- [INFORMATION SHOWN]:
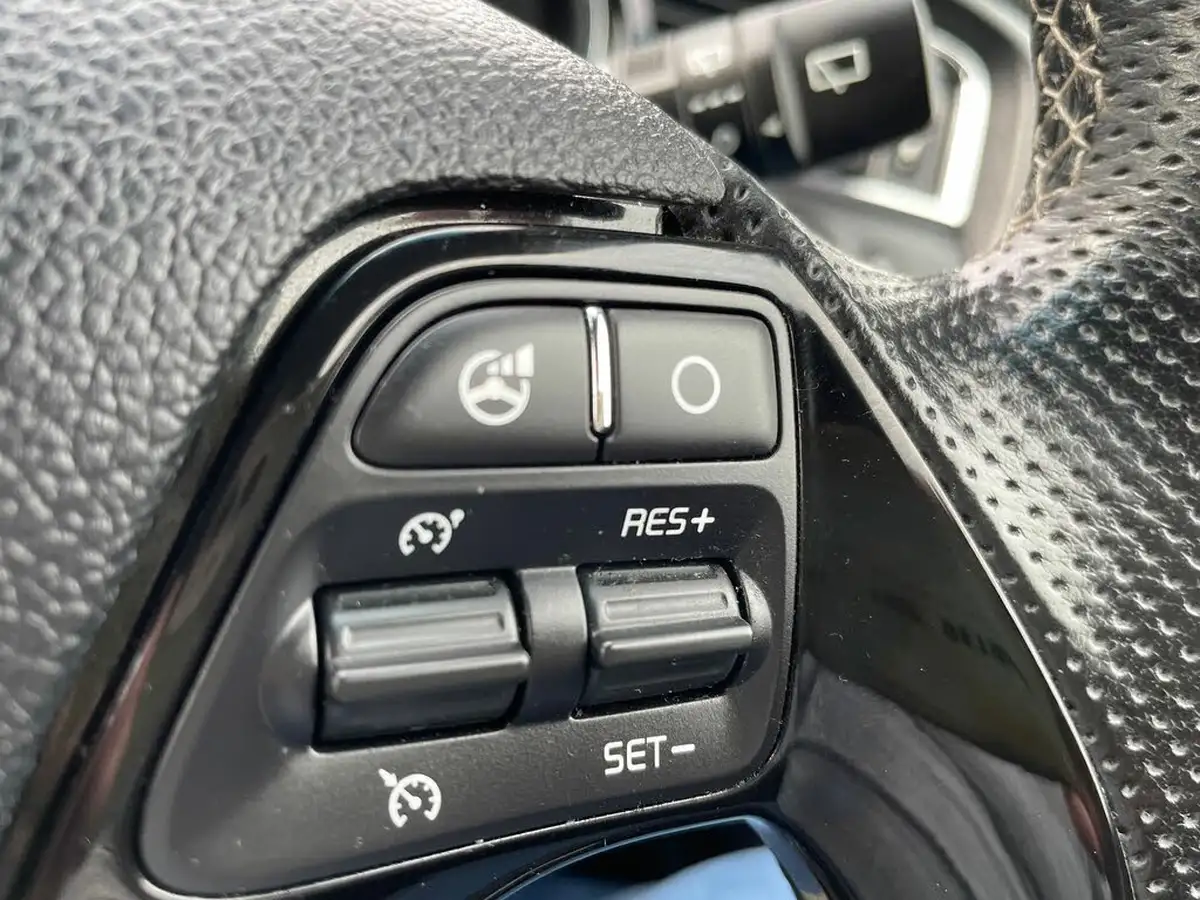 2018-kia-ceed-16crdi-gt-line-hatchback-1582cc-big-18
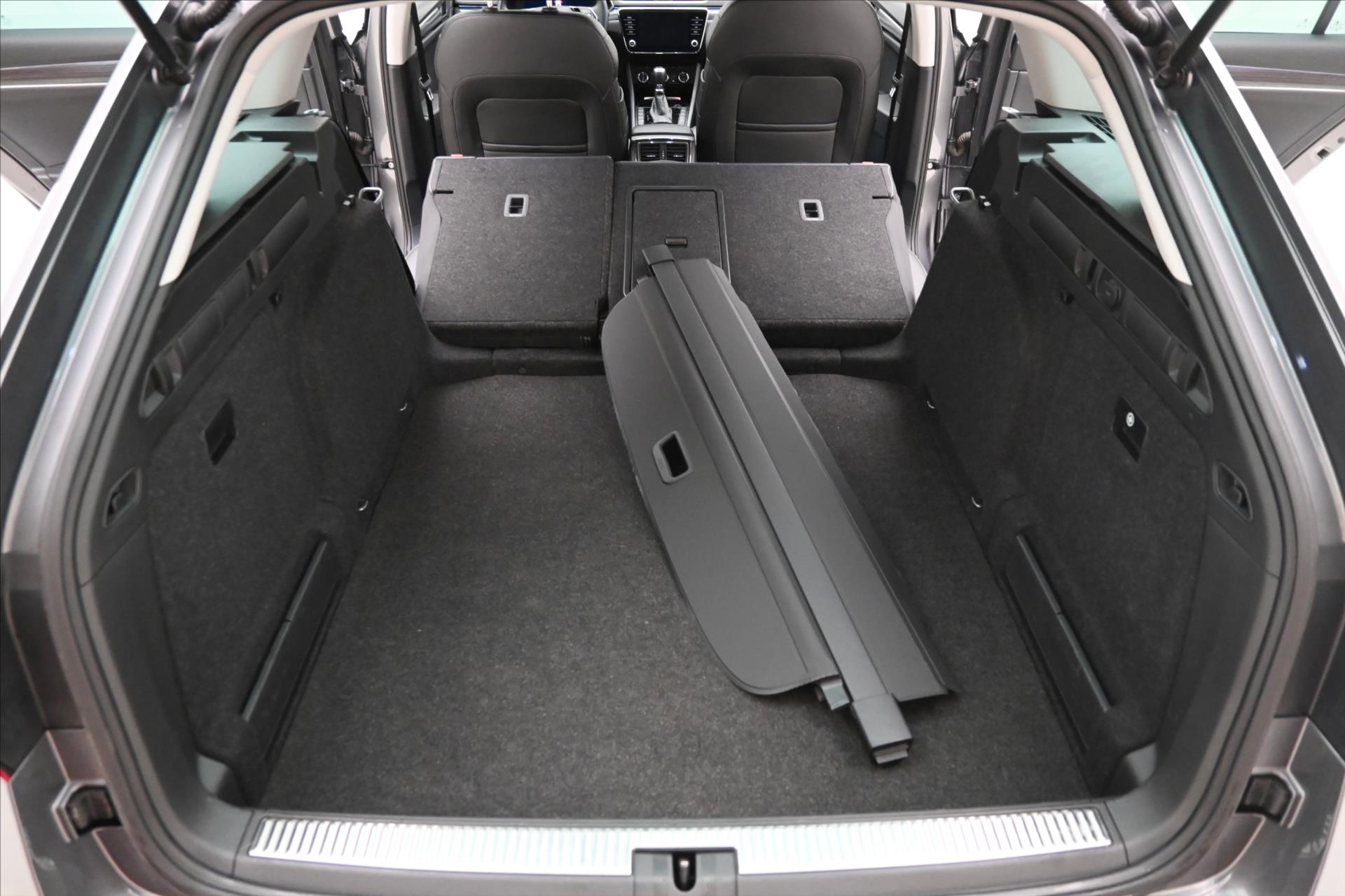 Hlavní fotografie vozu Škoda Superb 2,0 TDI 110 kW DSG STYLE Záruka až 5 let (11)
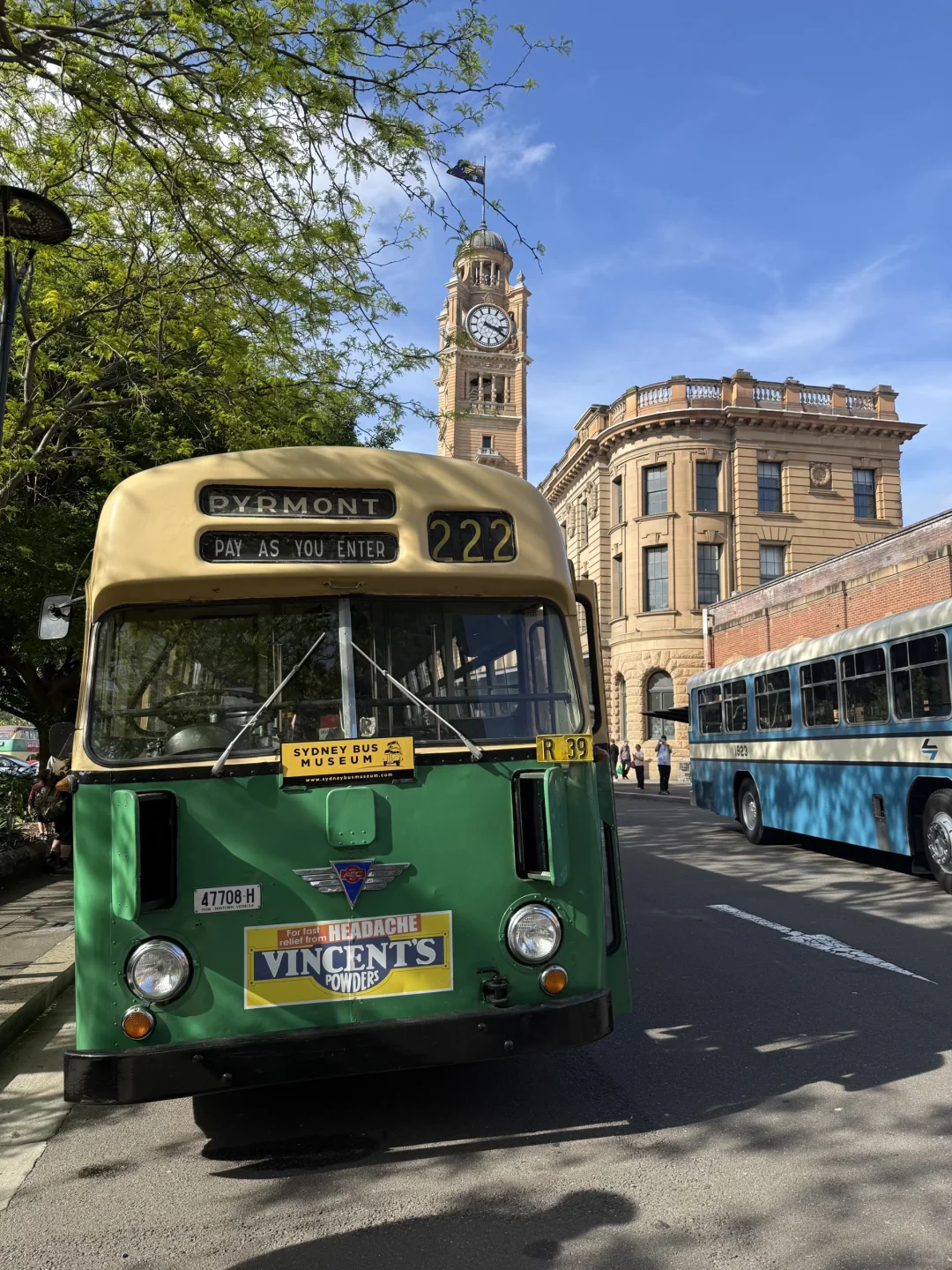 仅限三天‼️免费乘坐双层复古巴士环游city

- [EXERCISE GOAL]:
Reproduce the material in full, word for word, and omit the pictures.

- [SOLVED PROBLEM]:
 2018-kia-ceed-16crdi-gt-line-hatchback-1582cc-big-18
 Hlavní fotografie vozu Škoda Superb 2,0 TDI 110 kW DSG STYLE Záruka až 5 let (11)
 仅限三天‼️免费乘坐双层复古巴士环游city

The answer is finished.